According to Yates, having the officer behind the killing – Derek Chauvin – arrested is justice itself.  

‘The officer was arrested the next day. They were prosecuted, they were fired. What are you doing? What do you mean, “justice?'” Justice at this point has been done,’ he said. 

He claimed there's no systemic racism in policing saying: 'It doesn't exist'

He claimed there’s no systemic racism in policing saying: ‘It doesn’t exist’ 

Also in 2016 he wrote another shocking essay saying: 'Follow the commands of a police officer or risk dying'

Also in 2016 he wrote another shocking essay saying: ‘Follow the commands of a police officer or risk dying’

‘Well, then it turned into systematic racism, systematic police brutality,’ he added. 

He doubled down saying: ‘This is what they’re trying to say that all these changes need to come from: this is why we’re protesting, this is why we’re rioting. Because of systematic abuse of power and racism. That just doesn’t exist.’

Yates explained that he’s against the movement to defund the police department saying ‘Of course I don’t support it.’     

But his outspoken stance on policing and race has landed him in hot water with the public.  

‘I received two death threats over the weekend, and if this is a viable threat, you better bring your friends, cause it’s not going to be pretty for you.

‘I’m telling you facts, I’m telling you data and this is dangerous, the people who are trying to lie to the American public.
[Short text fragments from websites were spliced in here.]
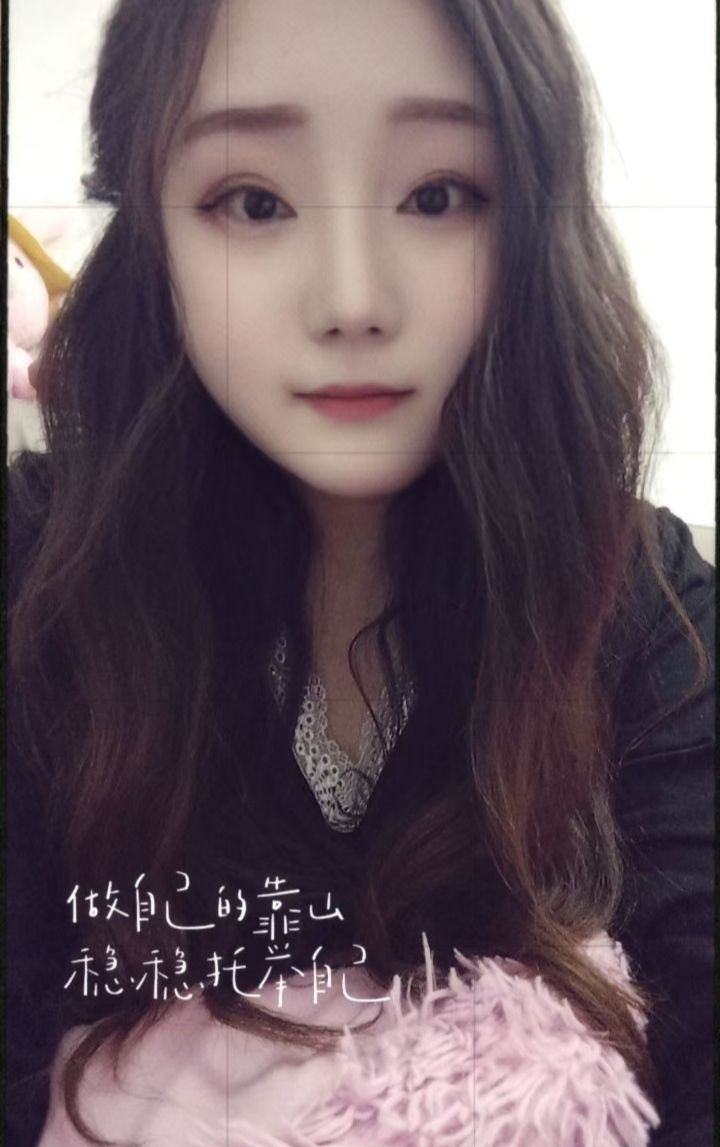 丰满热辣小姐姐微微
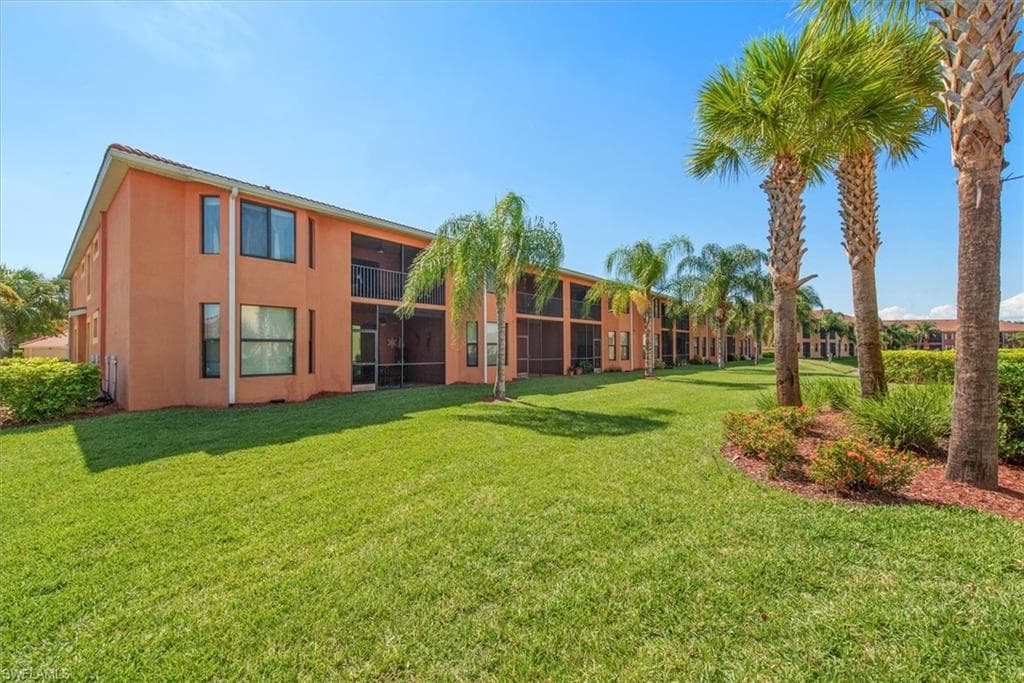 13750 Julias WAY 528-27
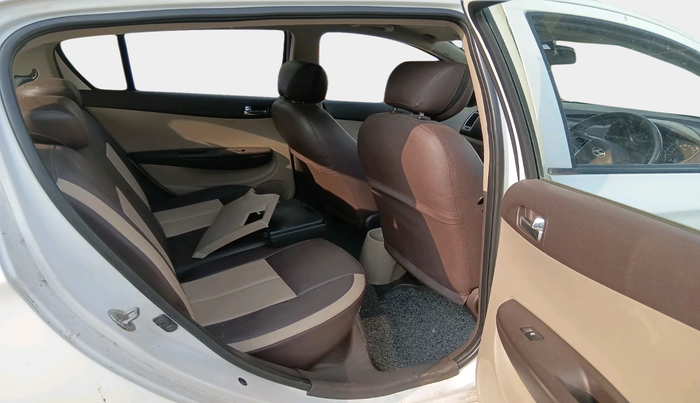 2011 Hyundai i20 SPORTZ 1.2, Petrol, Manual, 1,10,237 km, interior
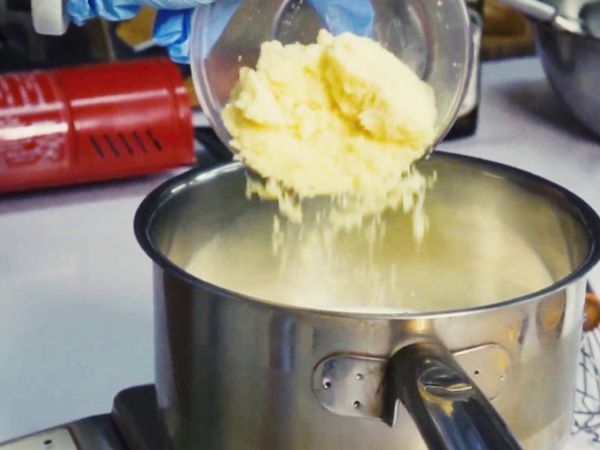 再倒入75g的荷蘭瑞式乾酪粉 。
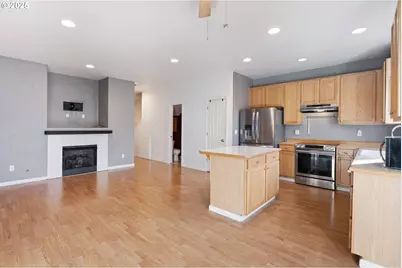 887 SW 198th Pl, Beaverton, OR 97003 - Photo 7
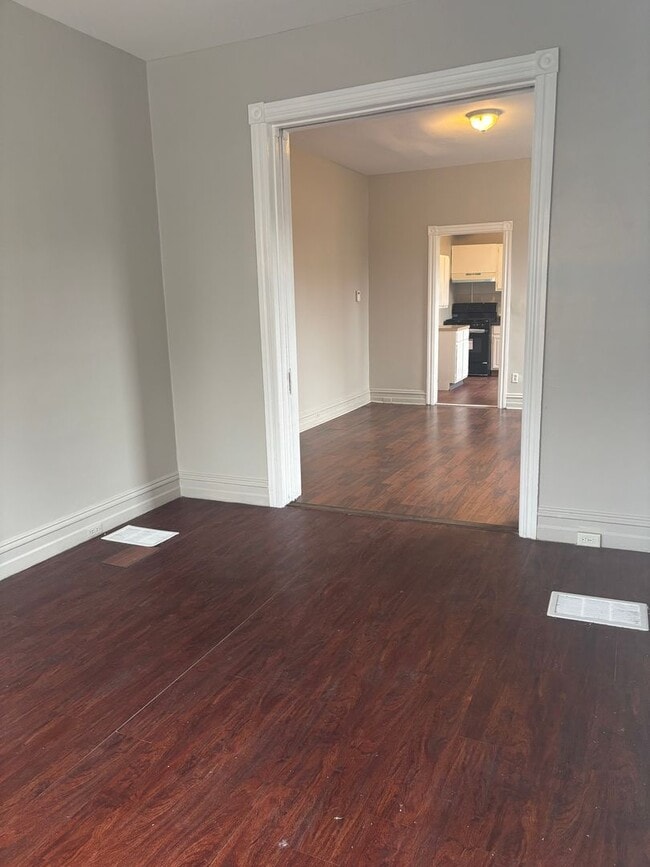 Building Photo - Spacious 5-Bed, 1-Bath, 1,890 sqt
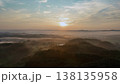 朝日に照らされる雲海 138135958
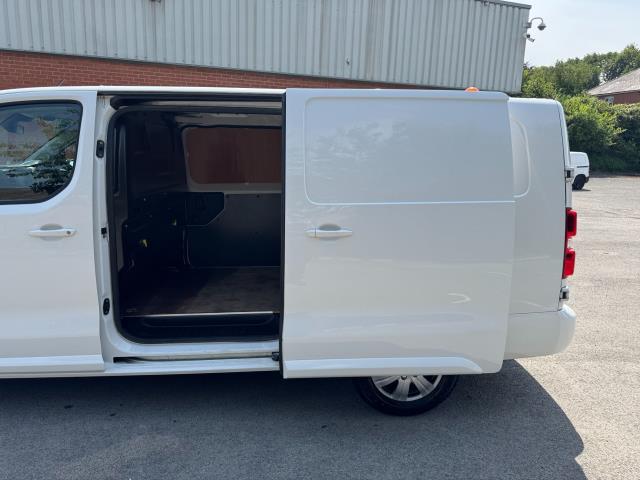 2020 Vauxhall Vivaro 3100 L2 H1 2.0D 120PS SPORTIVE EURO 6 (DL70JCX) Image 43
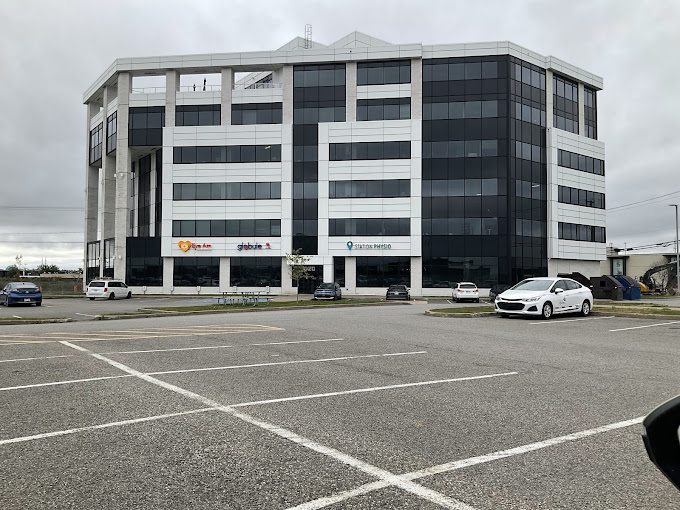 L'édifice du 1020, rue Bouvier vu du stationnement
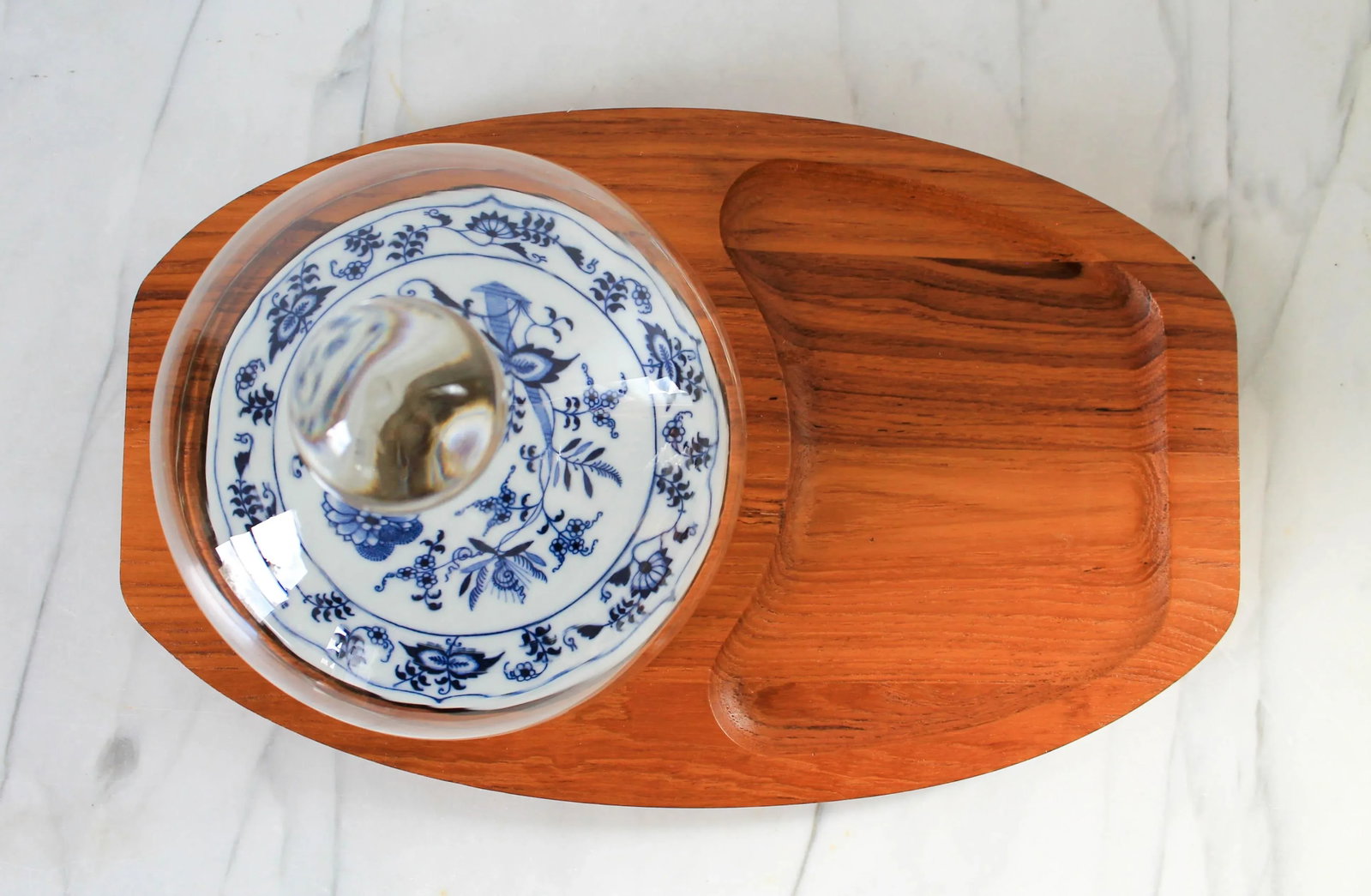 Vintage Genuine Teak Tray With Cloche by Goodwood - 2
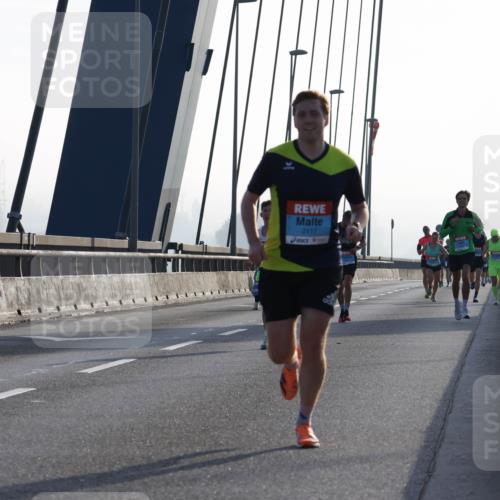 03.10.2026 - Köhlbrandbrückenlauf Strokosch-Dieckow http://msf.ph/oto/10592828 03.10.2026 09:19:00 Position 1 2117 meine-sportfotos.de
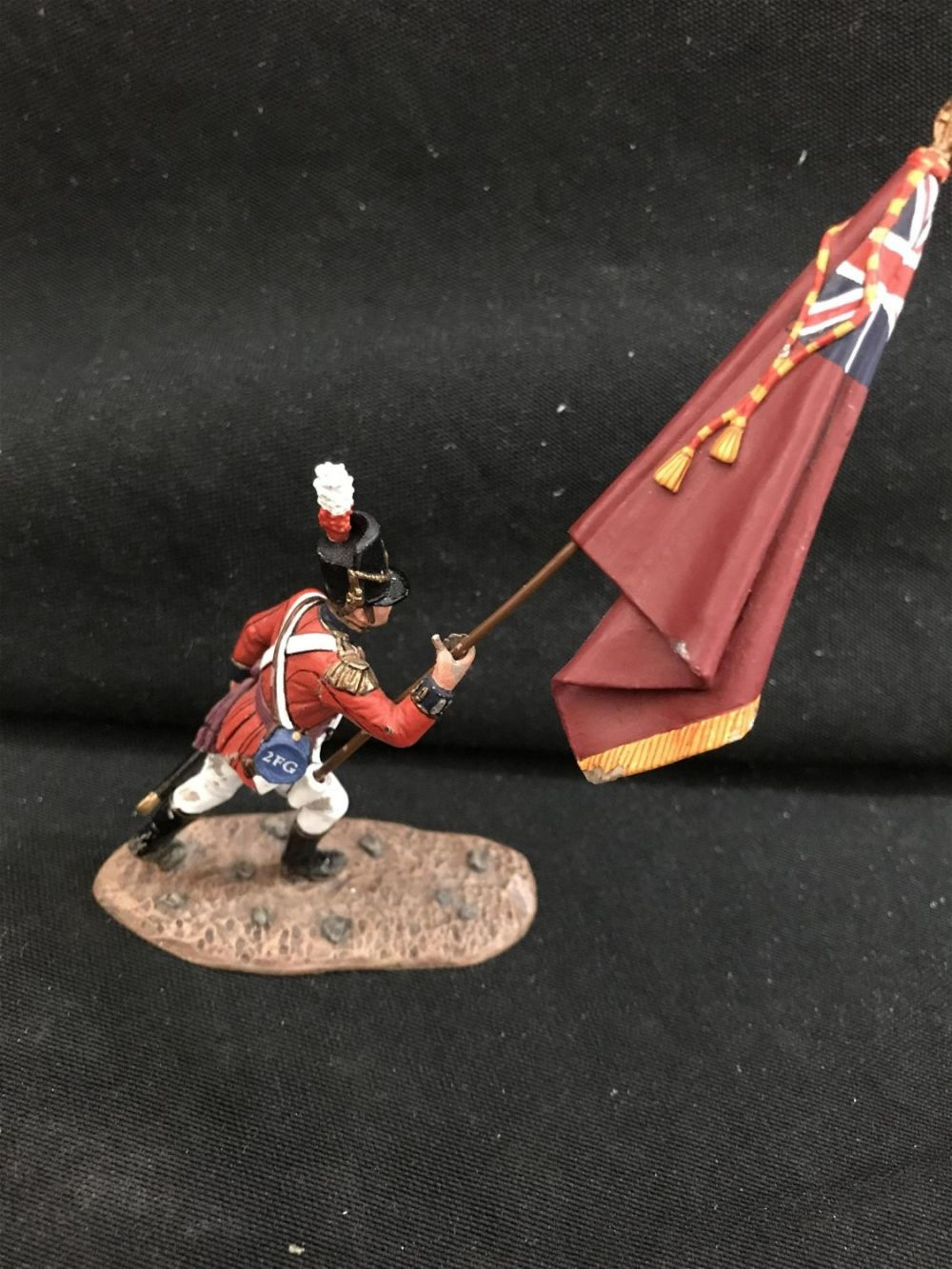 Lot 223: King & Country NA194 running flagbearer british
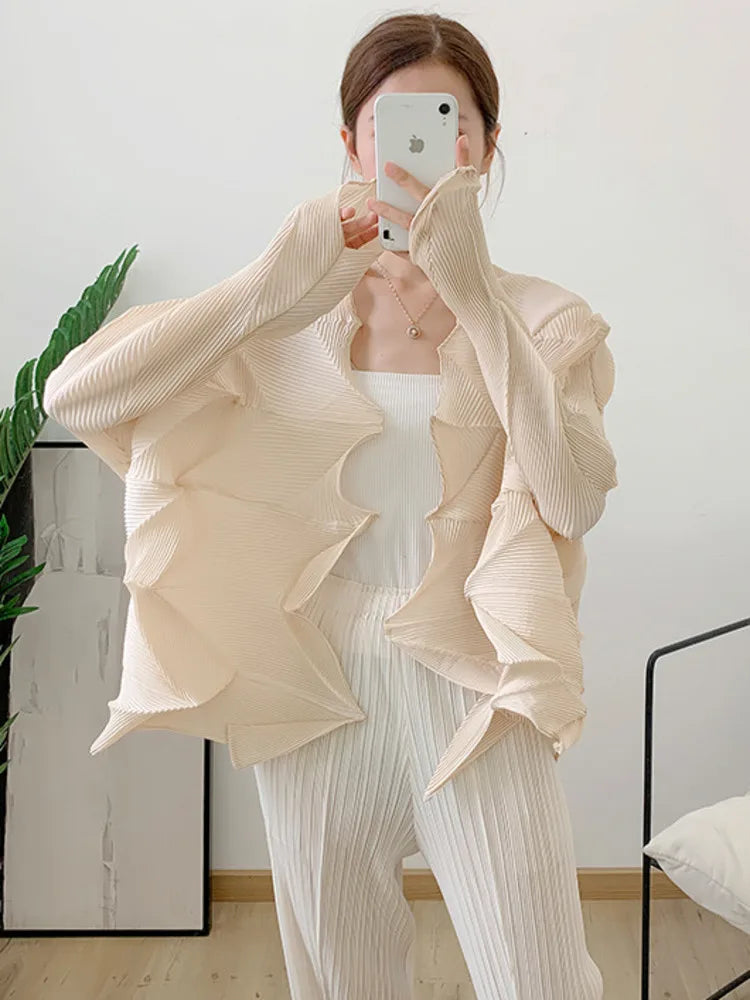 Autumn New Lily Fold Hand Grasp Chaotic Fold Solid Color Embossed Fold Cardigan Personalized Fashion Thin Coat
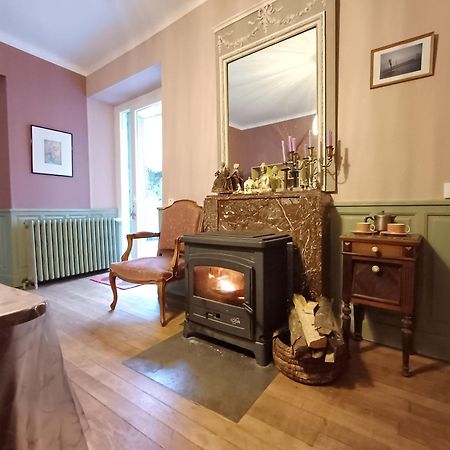 Maison Violette En Berry Aigurande Buitenkant foto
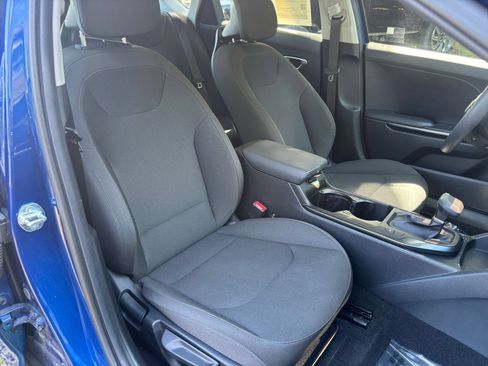 Used 2026 Kia K4 FWD image 35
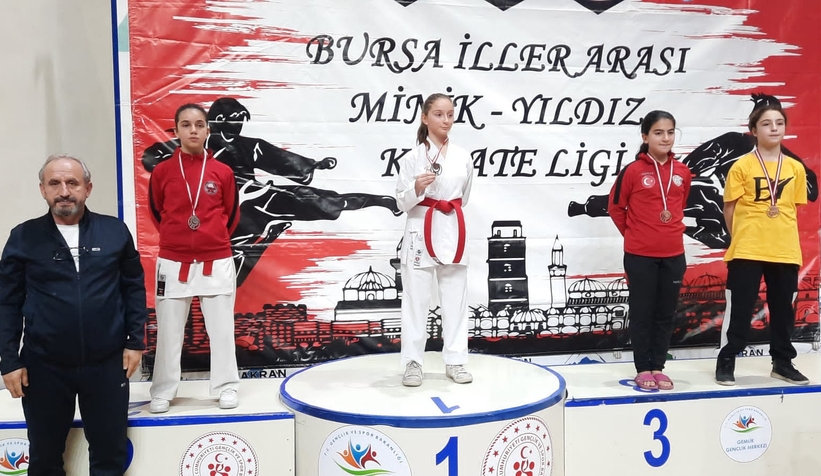 akyazili-karatecilerden-6-madalyaytrhr2nkb1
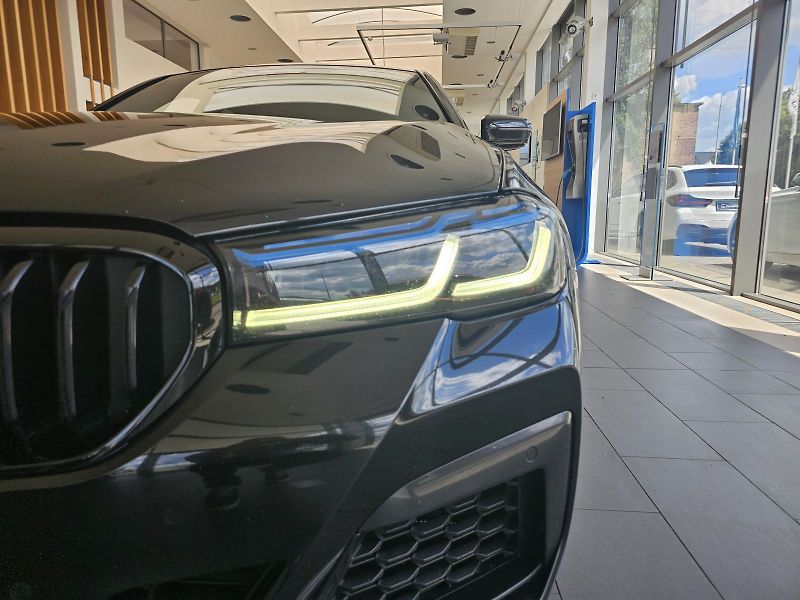 BMW Řada 5 M550i xDrive - fotka 4 z 32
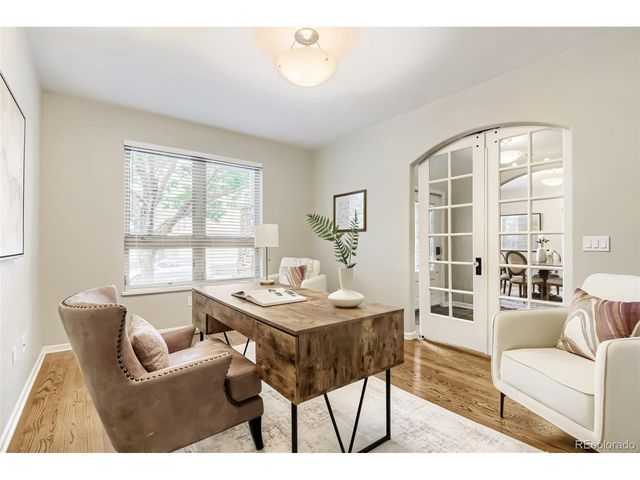 3059 S University Cir, Englewood, CO 80113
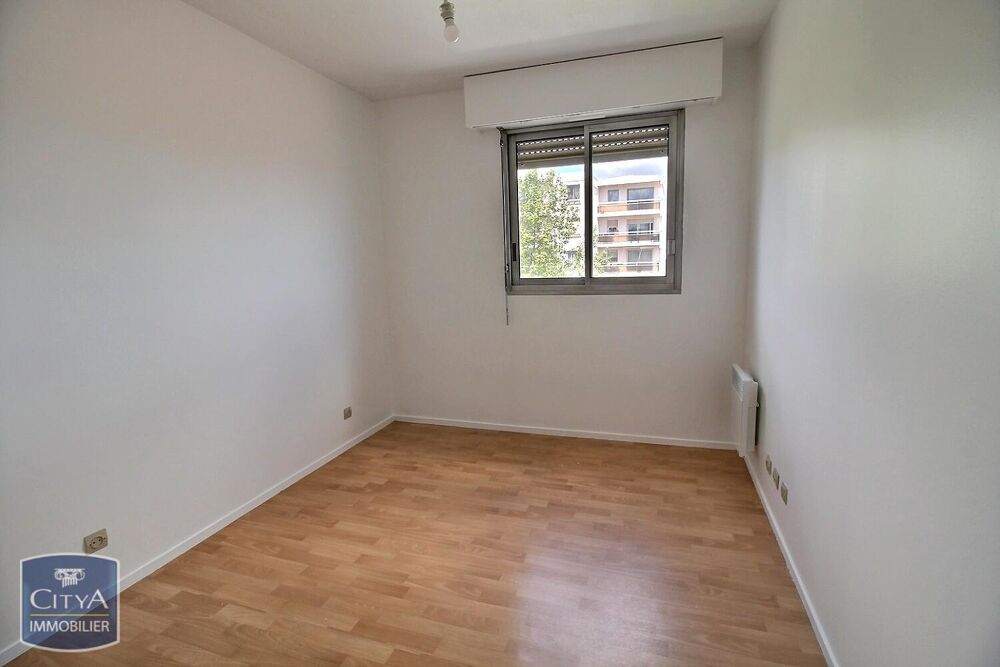 À LOUER : Appartement T3 situé à Bordeaux. Ce bien immob....
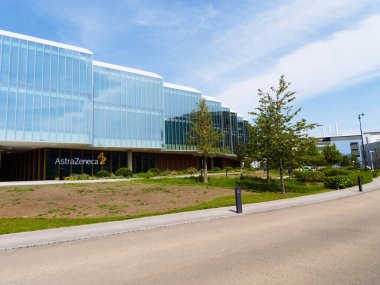 Cambridge, Cambridgeshire / Birleşik Krallık - 1 Mayıs 2025: The Discovery Centre (DISC) β 124; AstraZeneca, Cambridge, Birleşik Krallık. Açık güneşli gün.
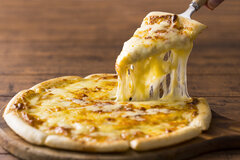 ピザチーズ種類と特徴を比較！焼き色とコクで選ぶ失敗しない活用術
I in no way want to put my department in the lime light and make them look bad but I think the American public deserves to know the truth,’ he added.  

In 2016 Yates came under fire for an essay declaring American police were ‘at war’ and implied that they were fighting Black Lives Matter activists.

Also in 2016 he wrote another shocking essay saying: ‘Follow the commands of a police officer or risk dying.’

In his piece he said: ‘Would we even know where Ferguson was if Michael Brown would have simply got out of the street like the officer had asked him to do?”‘ 

His essay led to his transfer and condemned Yates’ message.

In 2018 he wrote an open letter to Tulsa Mayor G.T. Bynum saying that disproportionate policing in black neighborhoods was not racism and said the police presence there was the result of ‘fatherless homes’

On Tuesday TPD Capt. Richard Meulenberg said ‘everybody’s got a right to their own opinion’ and said Yates was speaking for himself, not the Tulsa Police force.